El silencio en la casa era general. La tranquilidad de sus ocupantes se esparcía por la mayoría de las habitaciones con pausadas y sincrónicas respiraciones en dormitorios oscuros, sólo en vela por el ruido de algunos relojes de cuerda y el crujir nervioso de una cama que parecía albergar un enjambre de grillos enlatados. Era el pequeño de la familia que no dejaba de dar vueltas entre sábanas y mantas que se vaciaban hacia uno de los lados de la cama. Era Juan, un muchacho de siete años y que aquella noche no podía contener su emoción y su nerviosismo,  su libre imaginación por el viaje que iba a comenzar con el resto de su familia a la mañana siguiente. No quería cerrar sus ojos a pesar de los asustadizos reflejos de la luna filtrados entre las rendijas de las persianas de madera que cubrían la ventana de su habitación. Sobre la pared blanca se formaba unos grandes rostros de monstruos, de seres que violentaban aún más la intranquilidad del pequeño Juan. No dejaba de ver una creída cara, ancha y larga, fea y cruel, y que parecía acercándose por su fijación en ella. De vez en cuando y por miedo a aquella imaginada silueta, Juan, metía su pequeña cabeza bajo las sabanas, pero a los pocos instantes tenía que volver a ver la cara de aquel monstruo hecho de sombras y luz, ya que no podía respirar dentro de la cama. La noche se le hizo eterna, pero el paso del tiempo pudo algo más que la vigilia de Juan y sólo por un rato se venció al sueño natural de un niño. La ropa de la cama se cayó por un movimiento brusco de Juan, dejándole desarropado. Al poco, Juan sintió frió y se despertó;
        - ¡Ya falta poco!,- pensó el chaval cuando miró hacía la pared y no vio la cara que le tuvo atemorizado durante la noche. La claridad de la mañana temprana dejó de esconderse y apareció, como un milagro, tras las persianas de su ventana.
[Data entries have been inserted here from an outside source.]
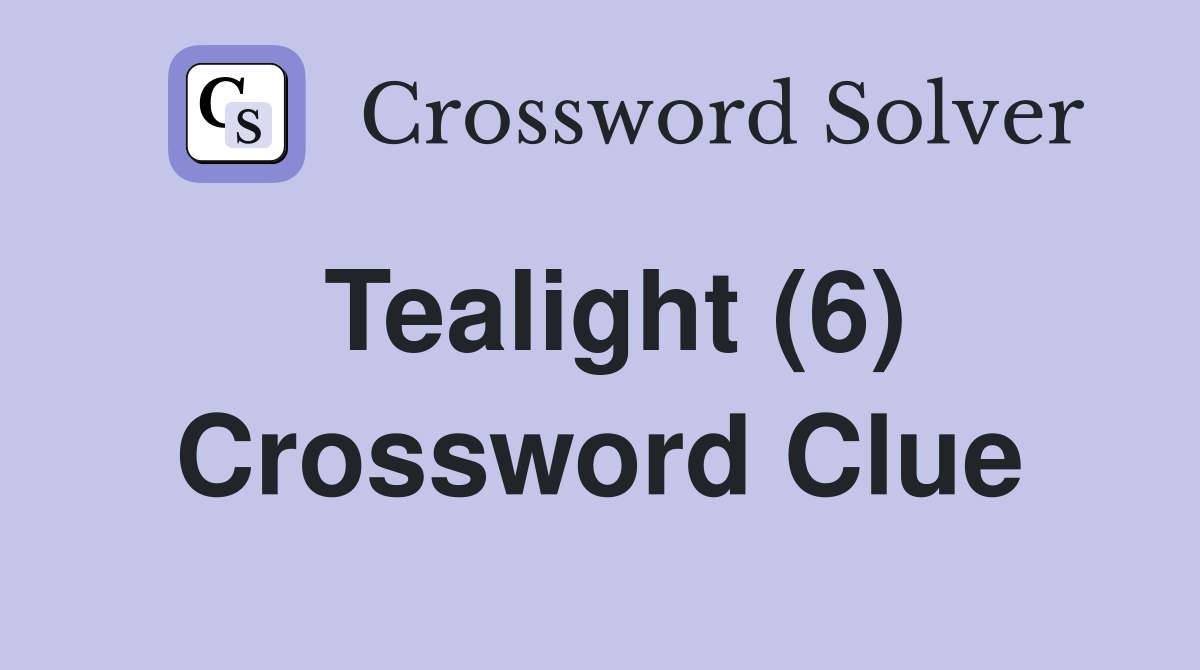 Tealight (6) Crossword Clue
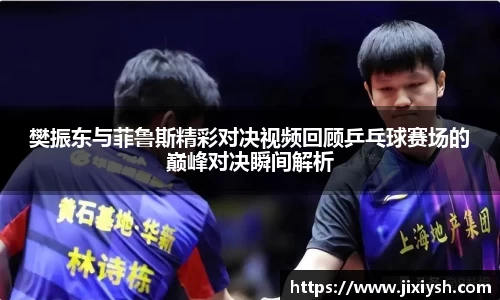 樊振东与菲鲁斯精彩对决视频回顾乒乓球赛场的巅峰对决瞬间解析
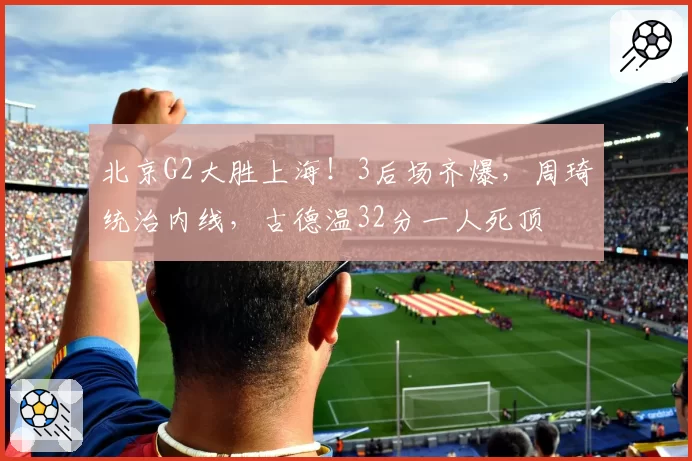 北京G2大胜上海！3后场齐爆，周琦统治内线，古德温32分一人死顶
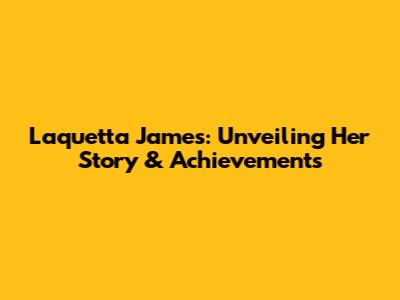 Laquetta James: Unveiling Her Story & Achievements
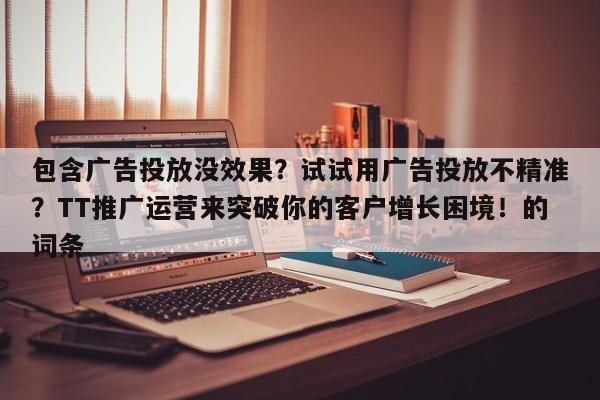 包含广告投放没效果？试试用广告投放不精准？TT推广运营来突破你的客户增长困境！的词条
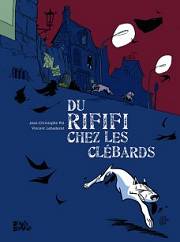 Pol - Du Rififi chez les cl�bards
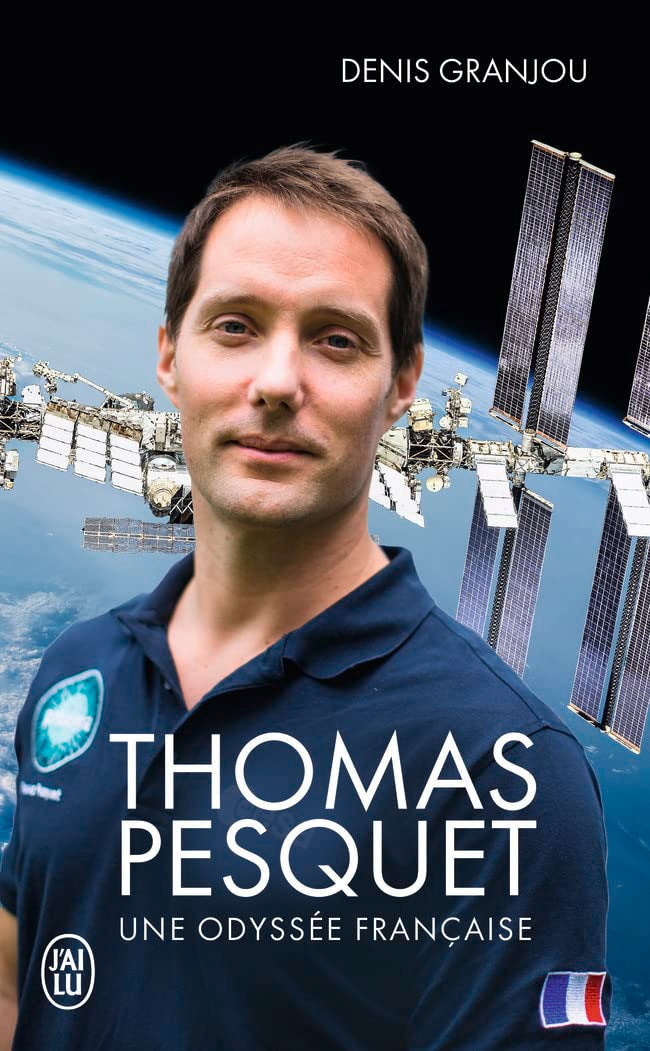 Thomas Pesquet, une odyssée française 9782290375815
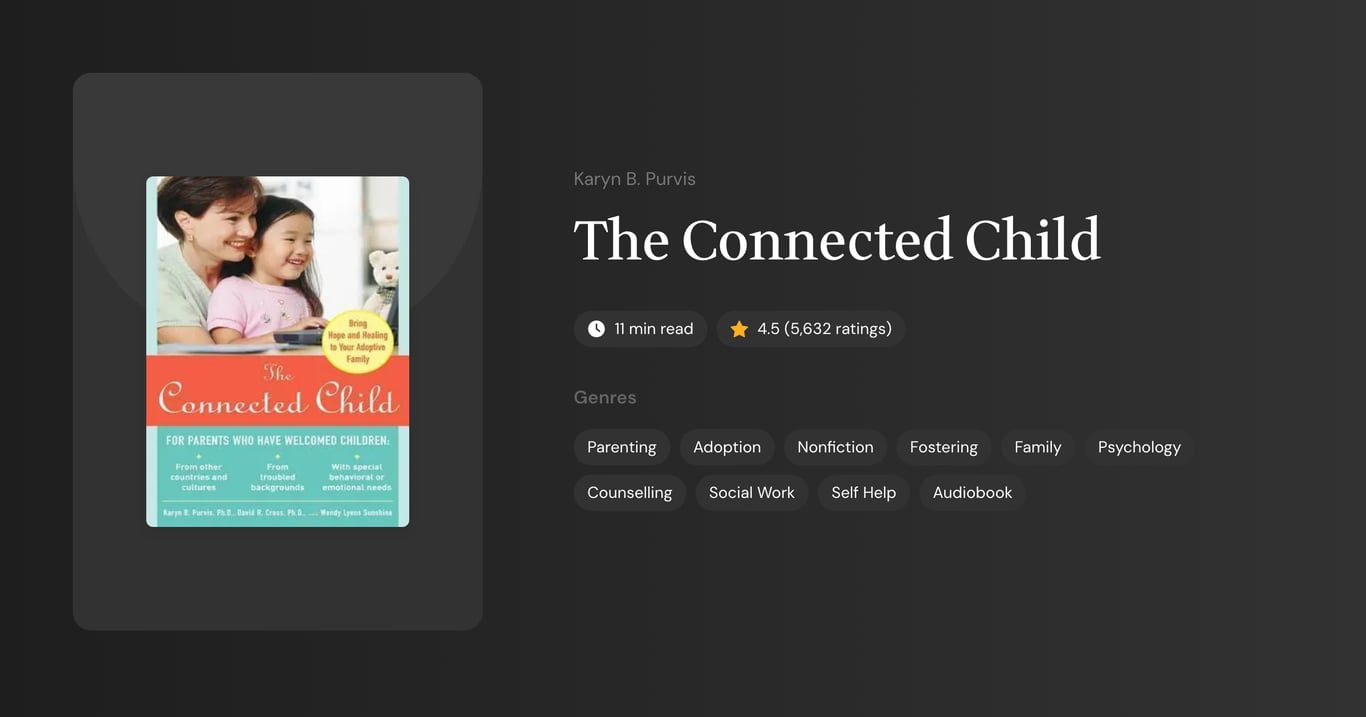 The Connected Child Book Summary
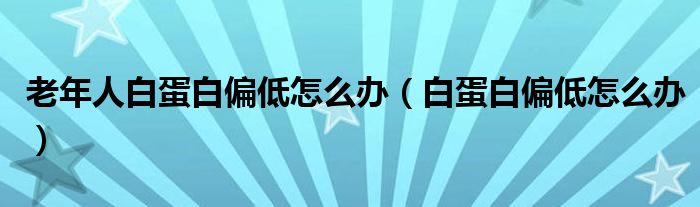 老年人白蛋白偏低怎么辦（白蛋白偏低怎么辦）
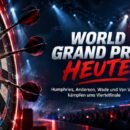 World Grand Prix heute mit Dartboard und Viertelfinale Hinweis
Cada vez la luz era más fuerte y de repente oyó el timbre del despertador que había sobre la mesilla de noche del dormitorio de sus padres. Aquella era la señal que había estado esperando durante toda la noche. Era el pistoletazo que daba  salida  a todas sus ilusiones por el viaje que en ese mismo momento inició. Cuando la madre entró en la habitación de Juan para despertarlo, éste ya estaba casi vestido.
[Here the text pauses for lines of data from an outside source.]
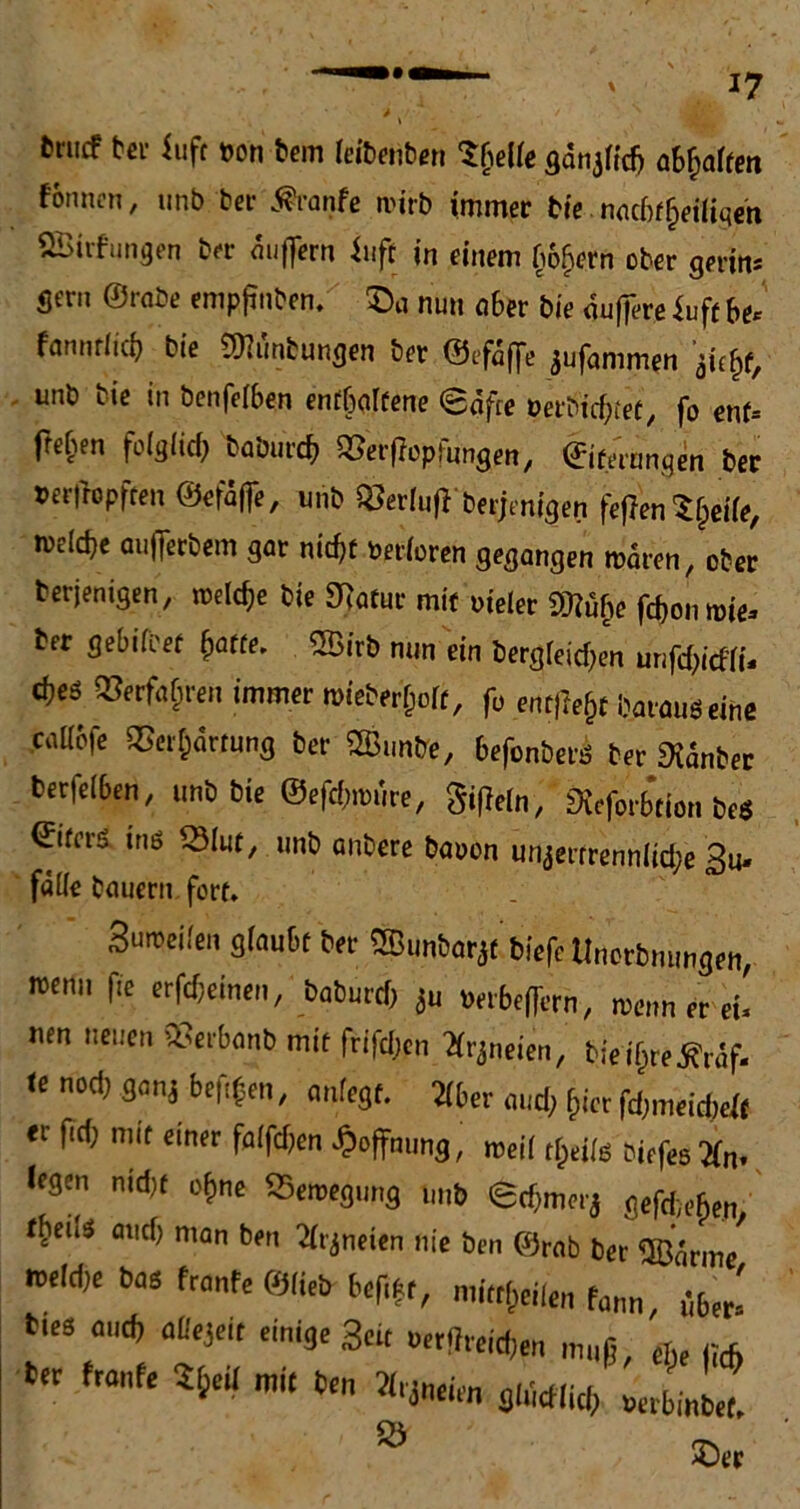 17 &rucf tcr iufc t>on bem feiDeiib^n tyelle gdtij(id) abQatten tonnen, unb ber $ranfe n'irb immer bie nachteiligen SBirfungen brr anflern fuft in einem bo^ern ober gerin* gern ©rabe enipjinben. ©ö nun aber bie guffere f uft be* fanntlid) bie SfJtönfcungen ber ©efaffe jufanimen jUfc unb bie in benfefben enthaltene <£afre »eröi'cbtet, fo ent- fte^en folglich babureb Verflopfungen, Eiterungen ber »erfropften ©efajfe, unb «erlufl berjenigen fefien $heile, meicbe aufferbem gar nicht Verloren gegangen rcaren, ober berjenigen, rodele bie SRatur mit »ieler m$e fromme- ber gebifeet batte. 2Birb nun ein bergigen unfdMu cbeö «erfahren immer mebev^olt, fo entfielt barauöeine caüofe Verhärtung ber SSunbe, befonberö ber SXänber berfeiben, unb bie ©efebmure, Sifleln, Sieforbtion beö ©ifers inö Vlut, unb anbere baoon unzertrennliche Bü- fette bauern fort. Su^ci.'m glaubt b« ®imt>orä( bi.fc tin.rbmmg.n, wenn fie crföcmnt, baburdj ju wriefiern, warn er ei, um neuen 23.tbanb mit frifdjen arjneien, bieiljr.jfnäf. «e nod; mi beftfnt, „„(egt. ater «,d; ji« fdpneiebeli  ^ mlt cintr fo(fd>en Öffnung, roeil tljtils bi.f.s2(n> Ifätn nidjt of)ne SSerotgimg un» ©cbm.i'j gefdiefcen tf‘,e3 n,on b<' ^1'jneien nie ben «mb bet <J&jnn/ ’eld,e bas front, «lieb btf.fr, mitten fmm ibJ. ““ m,d) aU'id' ein'äe Seit »«Broten mil« c,.( ,;(f) her front. Sfc.il mit b.„ *,** mM) Ö ©«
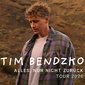Tim Bendzko - Alles, nur nicht zurück – Tour 2026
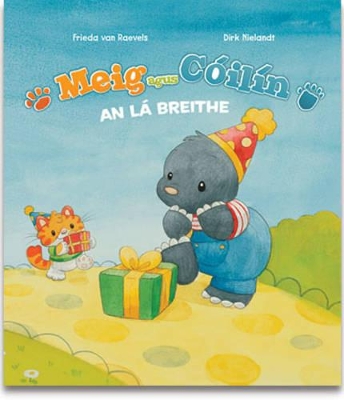 Meig agus Coilin: An La Breithe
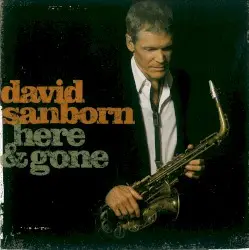 Here & Gone by David Sanborn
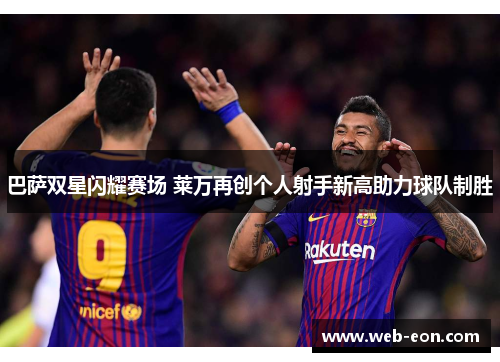 巴萨双星闪耀赛场 莱万再创个人射手新高助力球队制胜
       - ¡Pero bueno!, ya estás en pie, - se sorprendió la mujer.
       - Es que he oído tu despertador y me he levantado de la cama para vestirme.
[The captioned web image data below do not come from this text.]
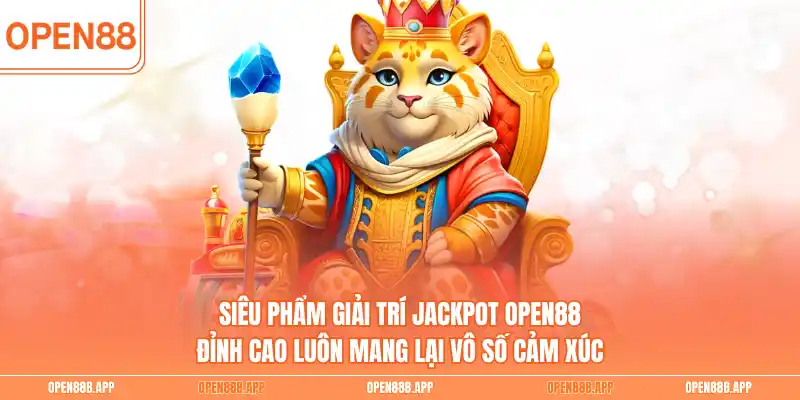 Siêu phẩm giải trí Jackpot OPEN88 đỉnh cao luôn mang lại vô số cảm xúc 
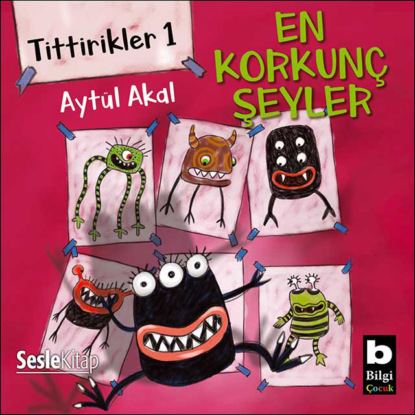 Tittirikler 1 En Korkunç Şeyler (Aytül Akal)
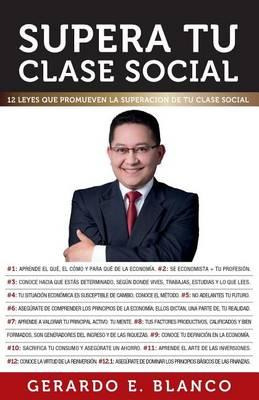 Libro Supera Tu Clase Social - Gerardo E Blanco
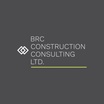 BRC CONSTRUCTION CONSULTING LTD.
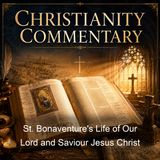 St Bonaventure's Life of Our Lord and Saviour Jesus Christ - Saint Bonaventure - Part 2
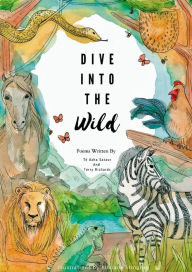 Title: Dive into the Wild, Author: Té Azha Sataur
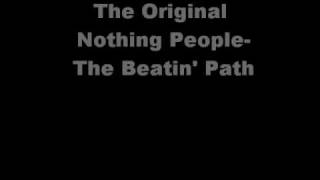 The Beatin' Path-Original Nothing People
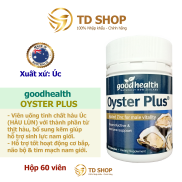 Tinh chất hàu New Zealand Good Health Oyster Plus tăng cường sinh lý nam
       - No hace falta que vayas tan deprisa Juan. Hay tiempo suficiente, - le dijo la madre a la vez que se dirigía a la otra habitación en donde, el otro hijo, el mayor, aún estaba durmiendo a tumba abierta arropado hasta la cabeza.; ¡Arriba! ¡Vamos!,- le decía Juan a su hermano al tiempo que lo movía de un lado para otro de la cama y echándole la ropa de cama para atrás.
En la casa todo comenzaba a tomar velocidad, aunque para Juan no era así. Los hermanos estaban casi preparados;
       - ¡En la cocina tenéis los tazones con la leche. Sólo hace falta que le echéis el pan y el azúcar! - se oyó a la madre desde su habitación ya que había empezado a hacer su cama.
Al padre le sintieron toser en el baño, como de costumbre. Los hijos desayunaban, sin bien el mayor lo hacía rutinariamente, el otro, nuestro pequeño Juan, se descomponía al tragar los trozos de pan aún duros, ya que no les dio tiempo a que la leche azucarada los empapase, para que se esponjearan
       - ¡Te vas a atragantar Juan!,- le dijo su hermano mayor.
       - Es que tú comes muy despacio. ¡A ver si terminas pronto!, - le respondió Juan, con un bigotillo de leche blanca sobre el labio superior. Luego dejó su tazón vacío dentro del fregadero de piedrachina blanca
El padre entró en la cocina y después de dar los buenos días a sus hijos, cogió su taza de leche. Echó un poco de café. Por la ventana de la cocina entraba un sol limpio y agradable, lo que hacía pensar que el día sería propicio para el inminente viaje. Luego de terminar su desayuno, se echó la mano al  bolsillo bajo del chaleco y sacó su reloj de cadena plateada. Su pulso era sereno y su mirada tranquila. Aún había tiempo, pero no podían descuidarse mucho más.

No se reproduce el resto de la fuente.